Rebecca is an adaptation of Daphne Du Maurier’s 1938 novel of the same name, following a young woman’s whirlwind romance and her battle to rid her new marriage and home of the shadow of her husband’s first wife.
Rebecca as a novel is a classic and a book I very much enjoyed, and whilst I’ve never seen the Hitchcock adaptation, it’s often referred to as a fairly legendary classic too. However, I’m afraid to say the same cannot be said about this new version. The basic plot and story are present, although rather frustratingly the ending has been extended unnecessarily, and it has not been executed very well.

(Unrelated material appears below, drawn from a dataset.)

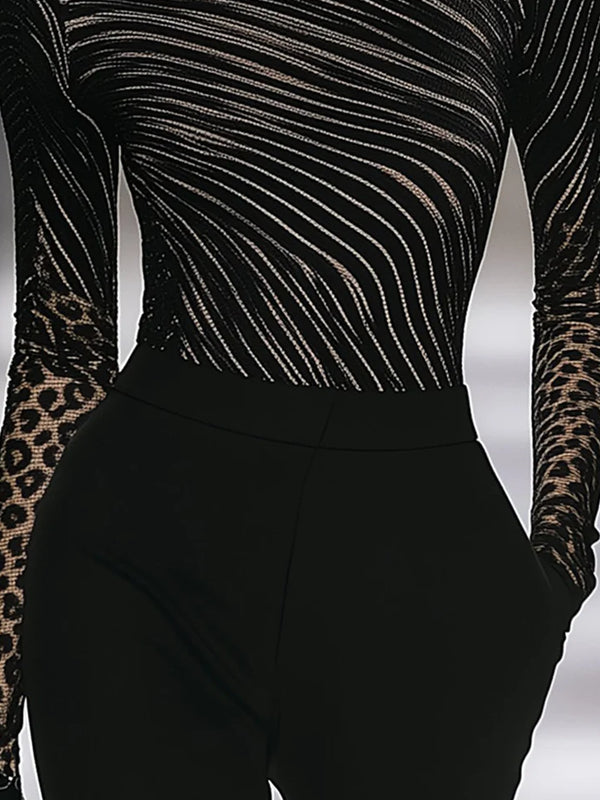 Black Stretch-fit T-shirt With Abstract Lines And Leopard Print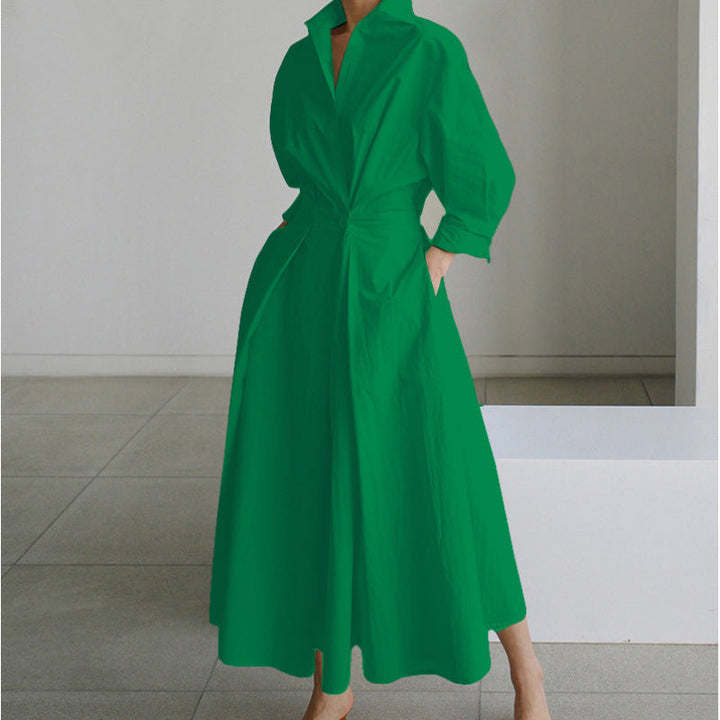 Women’s Maxi Dress with Collared Neck and Cuffed Sleeves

The trailer made this look quite sinister and spooky, which is quite right when the original novel is a gothic horror with aspects of a ghost story thrown in. However, this film turns out to be nothing of the sort. It’s more of a romantic drama with a hint of thriller thrown in – the gothic horror ghost story is nowhere to be seen and neither is any form of intrigue or suspense. In fact, I’d be so bold as to say this is just outright dull, and even the campy over the top sinister vibes from Kristin Scott Thomas’s housekeeper Mrs Danvers are laughable at best. The most interesting part of this was the opening scene with its sinister score but this just didn’t carry through to the rest of the film.
Sadly the cast doesn’t fare very well in this either. Lily James is a great actor, but her version of the new wife is too mousy and timid and you wonder what on earth Maxim ever sees in her. The character herself is very frustrating and irksome as she’s far too naïve and sweet. And Armie Hammer is miscast as Maxim De Winter himself. He looks the part, dashing and handsome, but he’s lacking in the intrigue, charm and secrecy that you’d expect this character to have. He’s also missing the age gap that is rather notable in the book.
The cinematography in this is rather concerning. The scenes in Monte Carlo are far too colourful and garish and they just look out of place, even more so for something that is meant to be a gothic horror. I’m unsure of why this has been done, other than to show a striking difference between Monte Carlo and Maxim’s Cornish home of Manderley. In fact, what is most concerning about this film is why Ben Wheatley wanted to direct it. By far the biggest shock of this film was finding out Wheatley, of Kill List and Sightseers fame, had directed it. Wheatley is known for psychological dark (and often funny) thrillers and there is nothing of his style to be seen in this film at all. Which is a shame, as I think a little more of his dark style would’ve propelled this film into more than just a sub-par drama.
Overall this a very disappointing and long winded adaptation of a classic novel. Whilst there are a few decent scenes and a good, if not out of character, performance from Lily James, these are nowhere near enough to save this from being a bit of a bore.